The scope of objective facts and morality

Our recent discussions, particularly on the thread about Jonathan Haidt’s response to Sam Harris’s challenge, left me thinking about the various scopes of objective facts.  In retrospect, it’s a bit obvious to me now that a key question in moral philosophy is, if morality is objective, at what scope is it objective?

Haidt used the terms anthropocentric and non-anthropocentric to divide facts between natural ones and ones within the scope of the human species.  He then uses the mouthful “emergent culture-specific anthropocentric truths” to describe culture related facts.

Just for my own mental categorizations, I’m using slightly simpler terminology.  For one thing, “anthropocentric” feels like a term that is likely to require lengthy explanations every time it is used.  Instead, I’m thinking of the following hierarchy.

1. Universal facts  

These are facts that are determinable through the natural sciences, such as E=mc2 or F=ma.  Universal facts are, as far as we can determine, true throughout time and space.  This is the domain of fields such as physics, chemistry, and geology.

2. Biological facts

These are facts about how evolution and biology works, at least on Earth.  I debated whether this is really part of 1, but decided that since we haven’t observed life anywhere other than on Earth, it might be prudent to consider this as separate.  We may well discover someday that extraterrestrial life operates radically different than Earth life.

Even limiting ourselves to Earth, I also fully realize that the scope of biological facts is very vast, and what is true for certain types of life is often not true for other types.

This is the domain of biology, paleontology, ecology, and related fields.

3. Human biological facts, or facts of human nature 

This includes facts such as the color blue, that we get hungry if we don’t eat, that we feel fear and other emotions under certain circumstances, and other facts about humans that are not due to choices we make.

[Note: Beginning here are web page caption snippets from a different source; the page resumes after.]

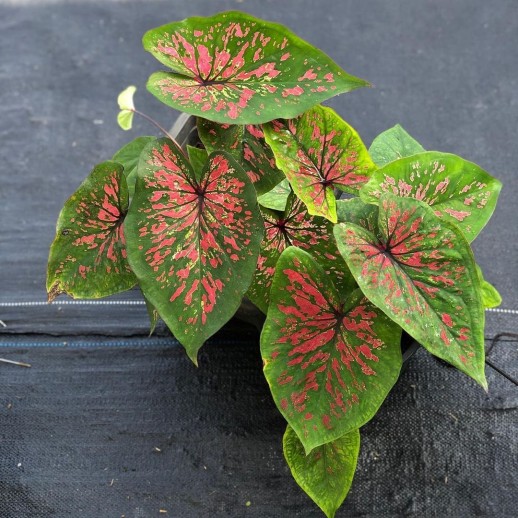 comprar muda de caladium Sônia Lorena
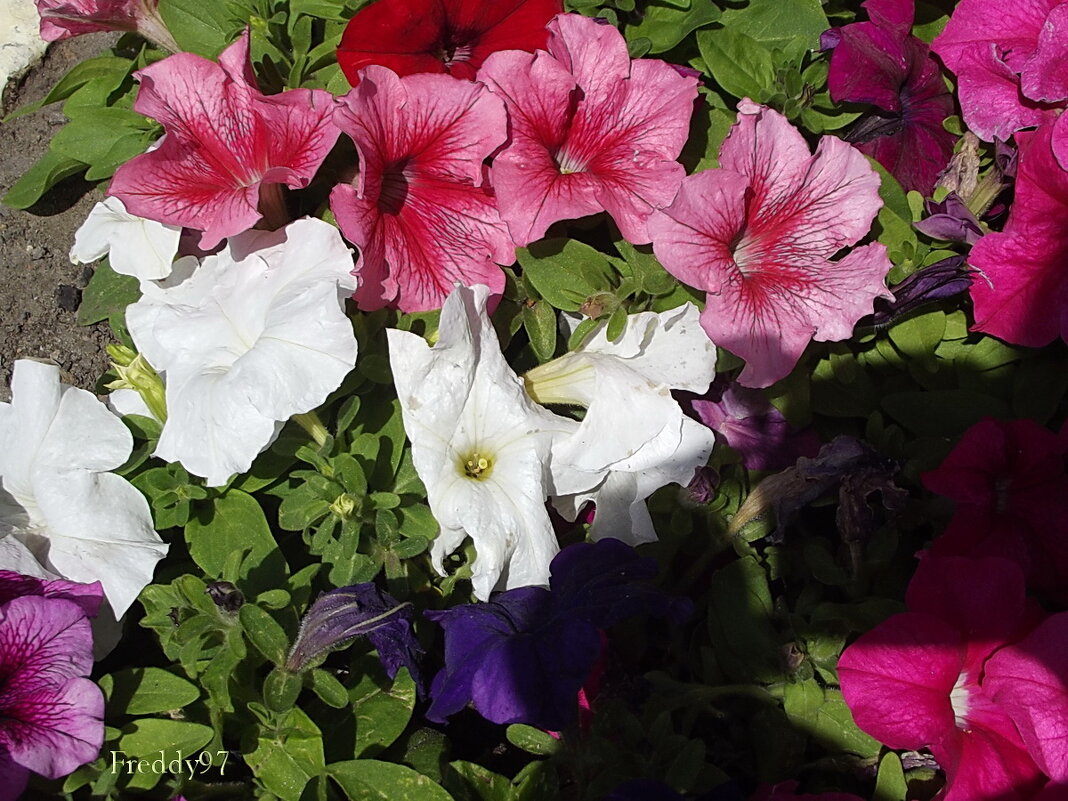 Петунии - Freddy 97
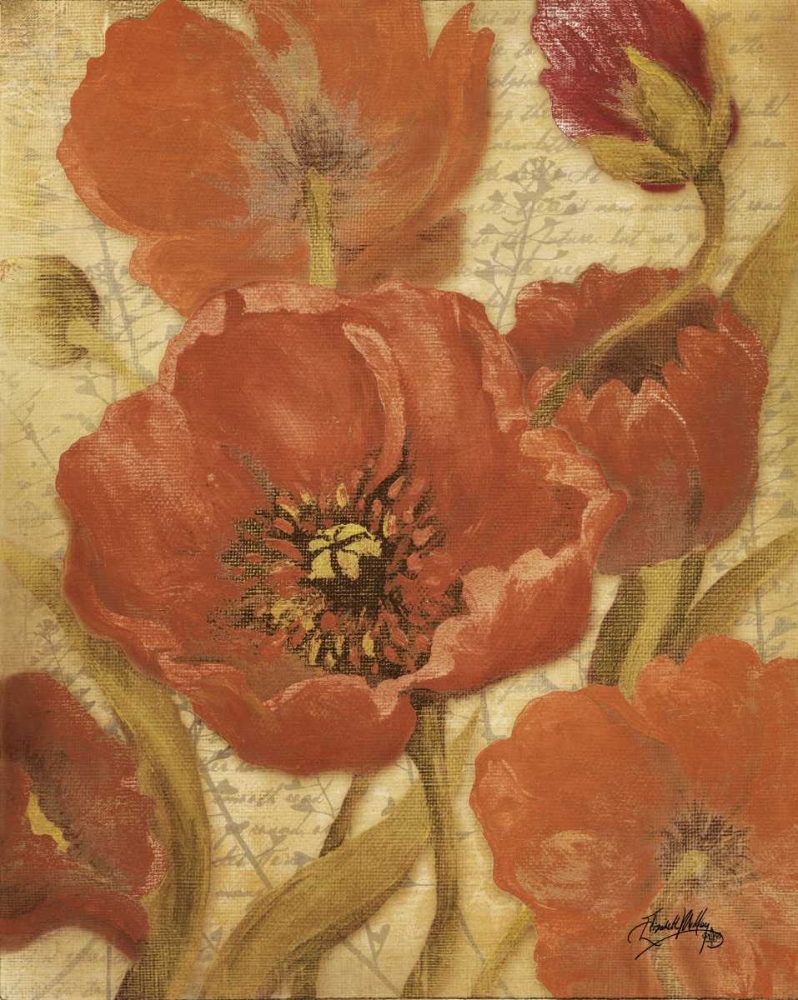 Red Scripted Beauty II art print by Elizabeth Medley for $57.95 CAD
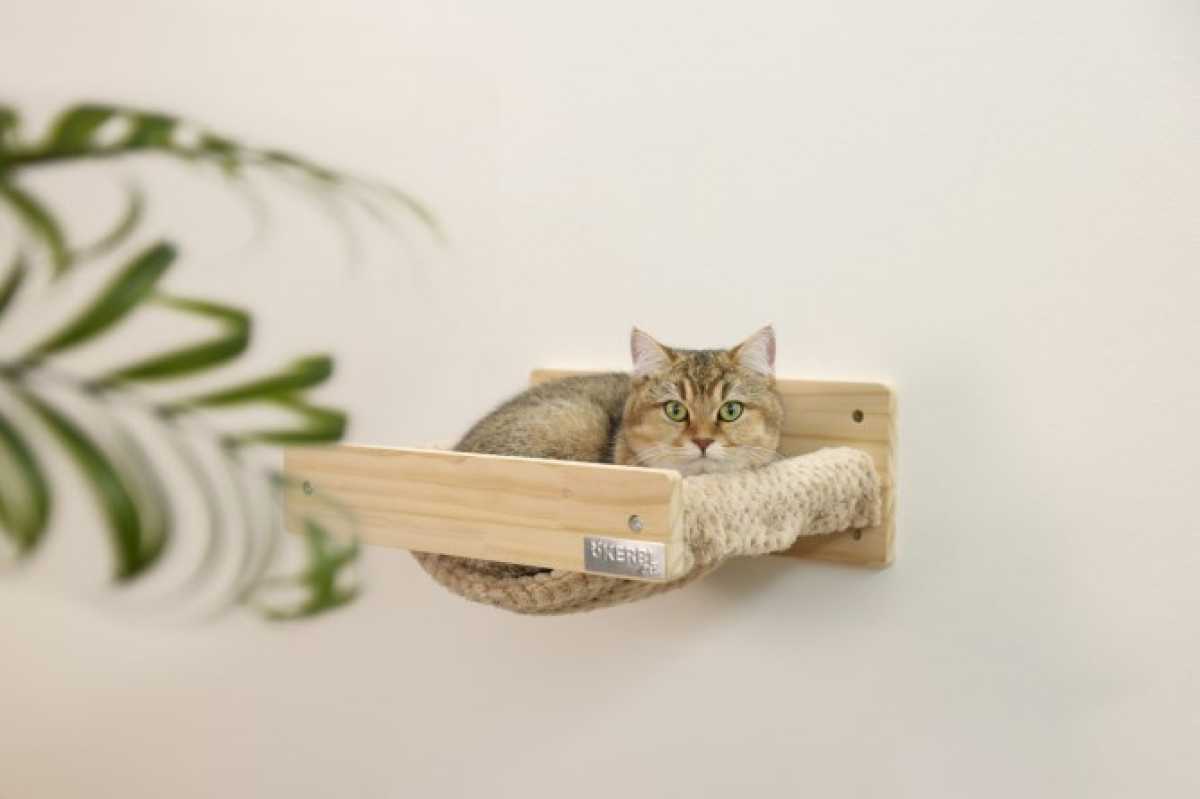 Kletterwand Timber S - Wandhängematte, Katzenleiter und Kratzsäule zur Wandmontage bis 4,5 kg belastbar, Echtholz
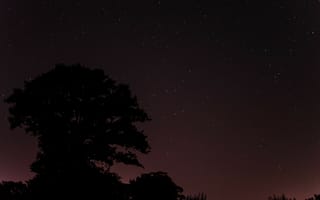 Картинка космос, деревья, ночь, звезды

Human biological facts are only true within the scope of the human species.  This area is studied by medical science, evolutionary psychology, paleoanthropology, and related fields.

4. Cultural facts 

This includes things like the relative values of gold and silver, humor, or the way we feel about gay marriage.  It is studied by psychology, sociology, economics, and other social sciences, as well as history.

Each of the domains above is emergent from the previous one.  However, while human cultural facts may reduce to universal facts, it’s really not productive to think of them in that way, since in all practicality we can’t use any of the universal facts that we know to really predict or understand human cultural facts.

So, where in this does morality fall?  Well, along with Haidt, I tend to think that specific moral rules exist in 4.  However, these rules arise from instinctive impulses, from programming, from foundations in Haidt’s terminology, that exist in 3.  So from a descriptive viewpoint, morality is relative, although it’s grounded in, and constrained by, biological evolutionary facts.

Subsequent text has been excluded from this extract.